Translation of "Bulunur" in Dutch

0.010 sec.

Examples of using "Bulunur" in a sentence and their dutch translations:

Fakat gerçek uzmanlık bulguda bulunur.

Maar ware kennis is te vinden bij bewijs.

Sadece birkaç özel yerde bulunur.

...en slechts te vinden op een paar speciale plekken.

Bir kilisede genellikle org bulunur.

Meestal is er in een kerk een orgel.

Amonyak çoğunlukla temizlik ürünlerinde bulunur.

Ammoniak wordt vaak aangetroffen in schoonmaakproducten.

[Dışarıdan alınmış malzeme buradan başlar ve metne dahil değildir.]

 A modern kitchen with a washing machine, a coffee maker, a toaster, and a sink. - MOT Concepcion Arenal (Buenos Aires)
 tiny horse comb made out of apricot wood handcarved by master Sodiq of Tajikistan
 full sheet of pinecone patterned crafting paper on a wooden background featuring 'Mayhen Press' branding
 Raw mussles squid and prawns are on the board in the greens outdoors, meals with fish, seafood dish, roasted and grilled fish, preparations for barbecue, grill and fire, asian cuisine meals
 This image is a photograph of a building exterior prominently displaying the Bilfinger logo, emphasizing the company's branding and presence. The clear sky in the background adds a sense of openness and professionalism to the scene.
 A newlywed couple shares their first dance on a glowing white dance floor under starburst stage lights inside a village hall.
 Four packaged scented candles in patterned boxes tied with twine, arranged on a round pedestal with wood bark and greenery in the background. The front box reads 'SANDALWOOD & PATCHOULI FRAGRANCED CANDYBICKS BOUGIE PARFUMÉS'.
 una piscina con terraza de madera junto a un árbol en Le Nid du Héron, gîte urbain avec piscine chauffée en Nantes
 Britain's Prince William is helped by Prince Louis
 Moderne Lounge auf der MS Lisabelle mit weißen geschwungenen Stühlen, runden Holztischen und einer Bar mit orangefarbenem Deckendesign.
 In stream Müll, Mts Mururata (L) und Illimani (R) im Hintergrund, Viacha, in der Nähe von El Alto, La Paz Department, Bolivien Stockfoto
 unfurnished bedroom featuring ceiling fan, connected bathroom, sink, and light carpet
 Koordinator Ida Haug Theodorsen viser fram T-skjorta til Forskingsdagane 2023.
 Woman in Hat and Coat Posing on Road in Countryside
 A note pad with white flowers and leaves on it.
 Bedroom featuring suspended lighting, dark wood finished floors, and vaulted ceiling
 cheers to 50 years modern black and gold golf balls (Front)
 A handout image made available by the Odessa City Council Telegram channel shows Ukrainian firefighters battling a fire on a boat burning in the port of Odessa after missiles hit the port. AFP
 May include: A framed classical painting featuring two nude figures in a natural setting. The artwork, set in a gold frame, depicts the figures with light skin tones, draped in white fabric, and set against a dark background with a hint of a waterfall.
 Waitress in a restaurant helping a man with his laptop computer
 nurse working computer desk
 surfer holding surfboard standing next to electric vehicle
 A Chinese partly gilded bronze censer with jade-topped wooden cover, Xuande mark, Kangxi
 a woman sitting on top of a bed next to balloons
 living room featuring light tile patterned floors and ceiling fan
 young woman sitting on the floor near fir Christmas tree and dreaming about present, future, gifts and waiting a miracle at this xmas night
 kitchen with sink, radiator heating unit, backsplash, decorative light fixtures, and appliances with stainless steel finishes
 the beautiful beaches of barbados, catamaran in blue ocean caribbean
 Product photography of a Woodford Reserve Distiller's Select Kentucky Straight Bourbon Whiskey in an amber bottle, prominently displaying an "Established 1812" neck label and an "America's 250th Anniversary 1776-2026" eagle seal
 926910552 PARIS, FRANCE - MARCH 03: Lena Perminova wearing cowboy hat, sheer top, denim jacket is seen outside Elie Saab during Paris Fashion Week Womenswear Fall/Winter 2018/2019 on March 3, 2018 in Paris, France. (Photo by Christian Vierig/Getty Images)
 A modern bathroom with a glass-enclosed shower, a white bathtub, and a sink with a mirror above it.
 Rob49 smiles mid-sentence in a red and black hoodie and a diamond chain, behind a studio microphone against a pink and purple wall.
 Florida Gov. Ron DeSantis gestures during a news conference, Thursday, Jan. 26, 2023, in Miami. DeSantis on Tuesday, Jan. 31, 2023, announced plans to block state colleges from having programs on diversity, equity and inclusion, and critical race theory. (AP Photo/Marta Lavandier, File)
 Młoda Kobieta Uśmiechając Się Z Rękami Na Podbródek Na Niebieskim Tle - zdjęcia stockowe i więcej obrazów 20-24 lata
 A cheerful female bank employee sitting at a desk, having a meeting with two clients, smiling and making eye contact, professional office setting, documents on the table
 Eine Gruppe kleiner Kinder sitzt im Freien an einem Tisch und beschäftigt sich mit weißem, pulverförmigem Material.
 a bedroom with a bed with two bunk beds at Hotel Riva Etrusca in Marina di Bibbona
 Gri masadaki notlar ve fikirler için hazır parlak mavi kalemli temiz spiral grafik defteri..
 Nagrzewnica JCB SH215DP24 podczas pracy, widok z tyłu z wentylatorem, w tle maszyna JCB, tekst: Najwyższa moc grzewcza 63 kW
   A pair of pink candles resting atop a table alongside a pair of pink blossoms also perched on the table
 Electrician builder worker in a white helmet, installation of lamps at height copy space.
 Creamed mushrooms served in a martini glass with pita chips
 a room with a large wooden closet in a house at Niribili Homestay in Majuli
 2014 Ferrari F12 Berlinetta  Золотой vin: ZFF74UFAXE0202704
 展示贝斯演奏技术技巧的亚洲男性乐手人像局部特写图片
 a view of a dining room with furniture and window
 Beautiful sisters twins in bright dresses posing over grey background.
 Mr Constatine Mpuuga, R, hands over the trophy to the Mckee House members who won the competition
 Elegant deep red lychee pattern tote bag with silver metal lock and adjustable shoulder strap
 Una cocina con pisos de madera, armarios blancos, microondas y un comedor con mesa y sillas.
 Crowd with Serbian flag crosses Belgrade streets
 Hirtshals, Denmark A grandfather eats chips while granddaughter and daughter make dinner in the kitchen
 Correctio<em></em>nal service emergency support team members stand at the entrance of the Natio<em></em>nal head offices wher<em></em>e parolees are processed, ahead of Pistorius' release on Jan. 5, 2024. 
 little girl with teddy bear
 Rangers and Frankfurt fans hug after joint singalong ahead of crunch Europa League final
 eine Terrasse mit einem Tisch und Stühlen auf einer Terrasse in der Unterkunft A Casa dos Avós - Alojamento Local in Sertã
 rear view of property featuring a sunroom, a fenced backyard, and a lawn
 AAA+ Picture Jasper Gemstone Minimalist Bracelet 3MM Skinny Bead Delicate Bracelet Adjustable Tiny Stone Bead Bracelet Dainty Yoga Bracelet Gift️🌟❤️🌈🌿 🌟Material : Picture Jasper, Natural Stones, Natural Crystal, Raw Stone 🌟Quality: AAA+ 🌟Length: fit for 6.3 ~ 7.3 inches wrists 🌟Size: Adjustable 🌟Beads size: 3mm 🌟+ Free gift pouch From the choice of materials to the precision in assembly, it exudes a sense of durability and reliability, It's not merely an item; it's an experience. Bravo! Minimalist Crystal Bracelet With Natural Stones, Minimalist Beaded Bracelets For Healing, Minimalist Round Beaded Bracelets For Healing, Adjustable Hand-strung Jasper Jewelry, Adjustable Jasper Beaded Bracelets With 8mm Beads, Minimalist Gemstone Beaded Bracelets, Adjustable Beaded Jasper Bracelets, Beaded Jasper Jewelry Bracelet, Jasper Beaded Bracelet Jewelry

Filler Afrika ve Hindistan'da bulunur.

Olifanten zijn er in Afrika en Indië.

Evim bir tepe üzerinde bulunur.

Mijn huis staat op een heuvel.

Gelen mineralleri çözündüren sıcak su bulunur.

dat mineralen oplost uit de onderliggende rotsen.

Bu kitap sadece bir dükkânda bulunur.

Dit boek is maar in één winkel te krijgen.

Ama büyük kedilerin kürklerinde nadiren koku bulunur.

Maar de vacht van grote katachtigen ruikt vaak helemaal niet.

Bu kadar kusur kadı kızında da bulunur.

Geen goud zonder schuim.

Cennet ve cehennem sadece insanın kalbinde bulunur.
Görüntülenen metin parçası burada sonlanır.